Word for word, copy the lines beginning at the one with "哈尔基岛Villa Romanza beach villa的配有桌椅和蓝色窗帘的房间" and ending at the last line below; pictures stay out.

------ Extracted records ------

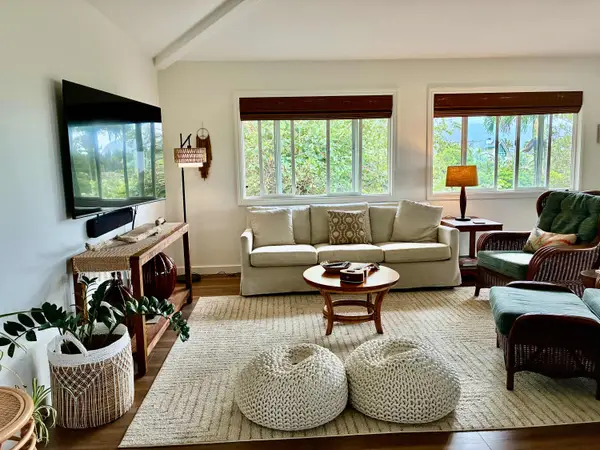 Bright and comfortable living room with plenty of seating and TV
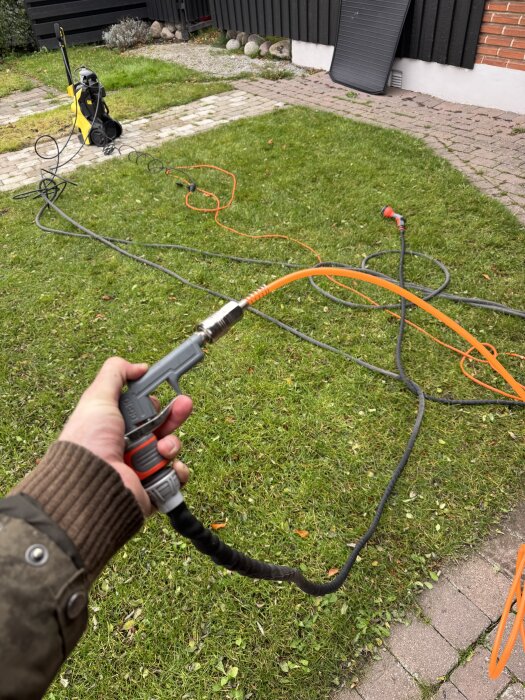 Person blåser rent vattenslang med tryckluft i trädgård, högtryckstvätt synlig i bakgrunden.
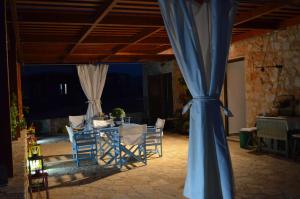 哈尔基岛Villa Romanza beach villa的配有桌椅和蓝色窗帘的房间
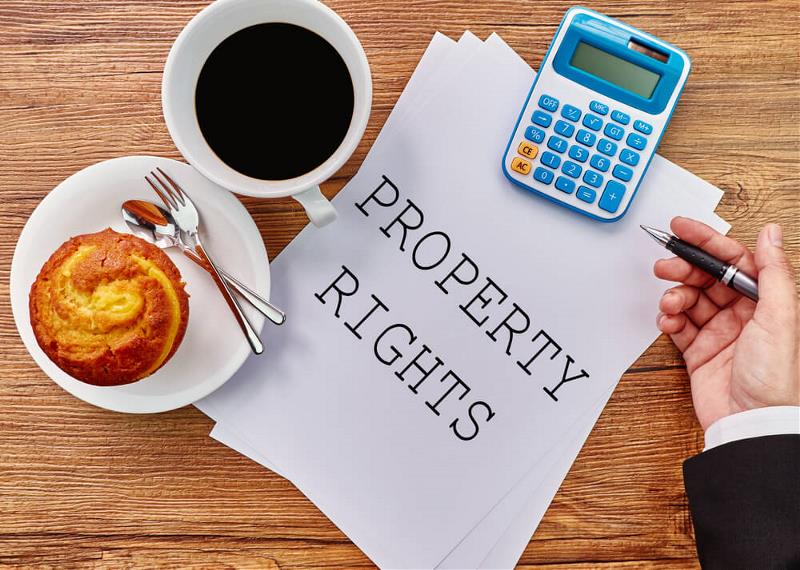 Property rights written on a sheet of paper, cup of coffee, calculator and cup cake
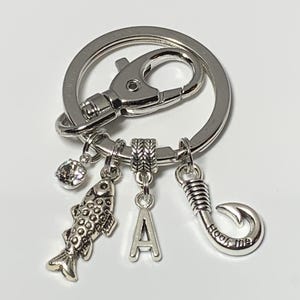 May include: Silver keychain with a fish charm, a letter A charm, a hook charm with the text "Hook me", and a clear rhinestone charm.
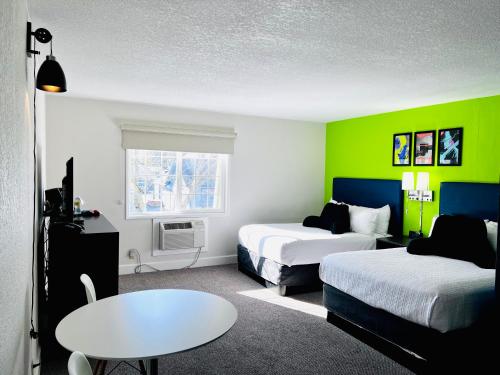 尤金Signature Inn Eugene的酒店客房设有两张床和一张桌子。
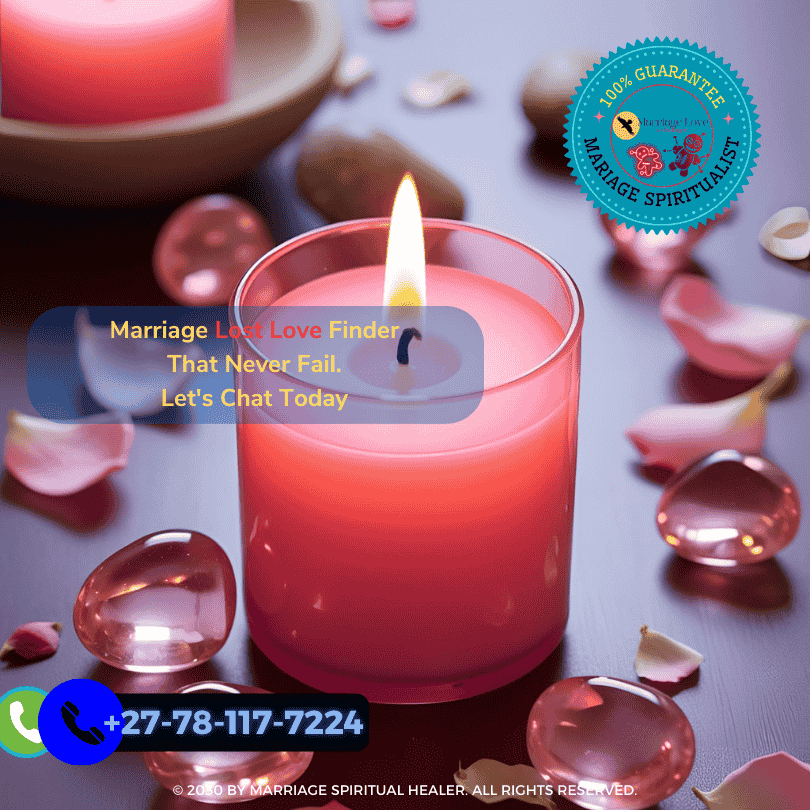 Pink candle surrounded by rose quartz and petals for a love spell ritual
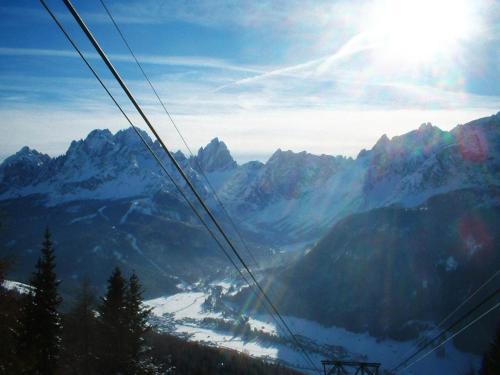 a gondola ride over a snow covered mountain at Bachlaufen Haus in Sesto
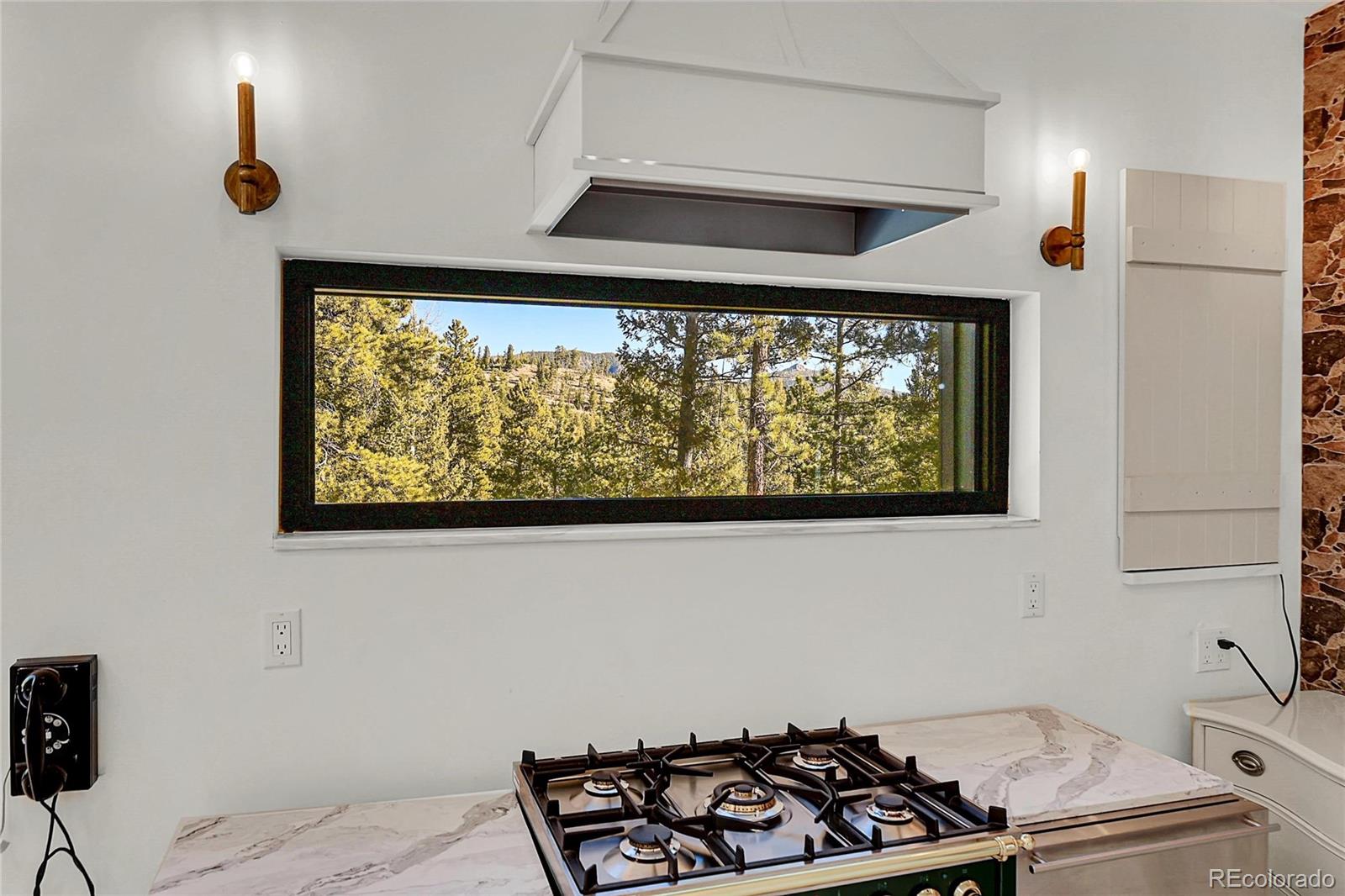 148 Ridge Lane Bailey, CO 80421 - Photo 13 of 25 a kitchen with a stove and a window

------

# Exercise response
 哈尔基岛Villa Romanza beach villa的配有桌椅和蓝色窗帘的房间
 Property rights written on a sheet of paper, cup of coffee, calculator and cup cake
 May include: Silver keychain with a fish charm, a letter A charm, a hook charm with the text "Hook me", and a clear rhinestone charm.
 尤金Signature Inn Eugene的酒店客房设有两张床和一张桌子。
 Pink candle surrounded by rose quartz and petals for a love spell ritual
 a gondola ride over a snow covered mountain at Bachlaufen Haus in Sesto
 148 Ridge Lane Bailey, CO 80421 - Photo 13 of 25 a kitchen with a stove and a window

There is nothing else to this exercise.